Snow is an insulator, the deeper the better. It keeps plants in a comfortable state of dormancy. Even in winter, soil is giving off heat. Deep down, soil temperature is around 10 degrees or so, summer and winter. Where there’s a deep layer of snow acting as insulation, the surface temperature of the soil may be barely frozen. A study from the University of Delaware showed that for each centimetre of snow cover, the soil temperature will increase by roughly half a degree Celsius. 

Being suddenly exposed to icy blasts won’t bother tough plants, especially native ones, but any tender ones will suffer. And if the icy blasts don’t get them, the soggy soil will. The ground below may remain frozen, but nearer the surface it will be waterlogged. This happens in spring, but the ground soon thaws and normal drainage is resumed. When it happens in the middle of winter, that soggy ground refreezes. Repeat a few times and the expensive, borderline hardy perennial that you planted with care last spring will quietly succumb and no amount of coaxing will revive it. The same conditions can easily cause plants that aren’t well rooted to be heaved out of the ground, dead or alive.

I haven’t reached the point where I’m pushing wheelbarrows full of snow to the backyard to cover tender plants, but I have on occasion tossed a few extra shovelfuls over one or two. I usually mulch around the special ones in fall to help them resist the effect of winter thaws.
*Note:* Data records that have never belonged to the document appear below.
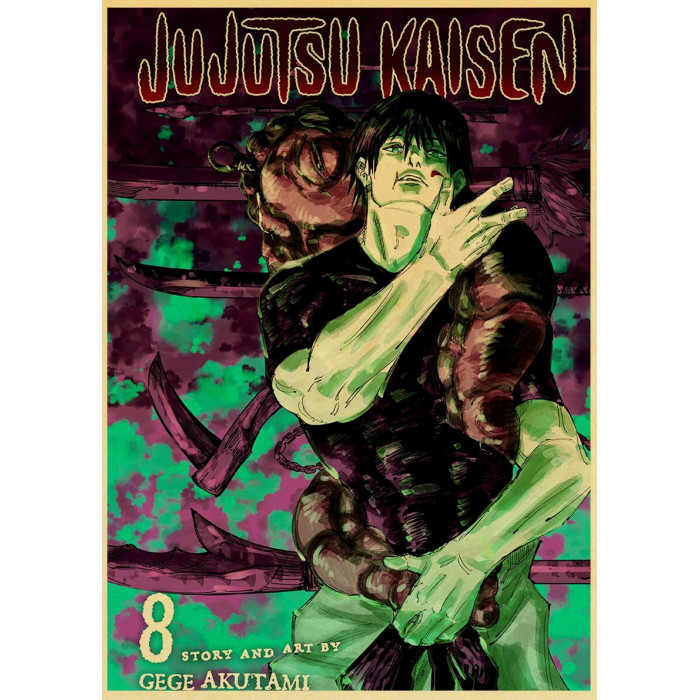 Poster Jujutsu Kaisen : Tome 8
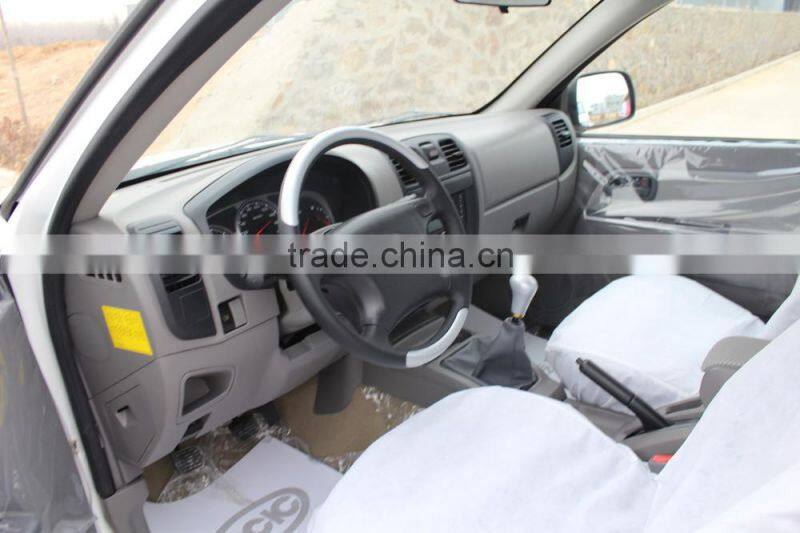 China 4x2 double cabin pickup petrol (diesel is available)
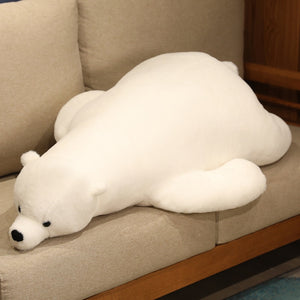 Cute Giant White Polar Bear Large Size 110cm Stuffed Plush Doll Pillow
There are places in my backyard where the snow drifts deeper, and consequently, plants below are less prone to being prematurely exposed. The same occurs in sheltered areas, usually in shade and out of the wind. It’s worthwhile to note these places as they are in effect, micro-climates. A tender plant may require other specific considerations — soil type, sun or shade etc. — but it might just stand a better chance by being planted where it won’t be subjected to harsh conditions too early in the spring.

It’s also worth noting where the opposite occurs — areas in the garden where wind consistently whips snow away to expose the soil. This happens around the base of shrubs, posts, and against a fence, or building.

The snow is often scoured away along sides of buildings, depending on the prevailing wind, although the soil may be warmed by heat loss from the house, counteracting the effect of the wind. In fact, tender plants often survive well here. For instance, spring bulbs planted close to a sheltered, south facing wall will flower days or even weeks earlier than those in the middle of a garden.  Against a fence there’s no extra heat in the soil and though the fence may cause snow to drift deeply as you may see on a leeward flowerbed, the space closest to the fence is left exposed.

It may not be immediately obvious that a change in the weather is impacting the way a garden will look in summer, but it certainly does. Ahh, summer. Brrr — hang on to that the duvet. Winter isn’t over yet.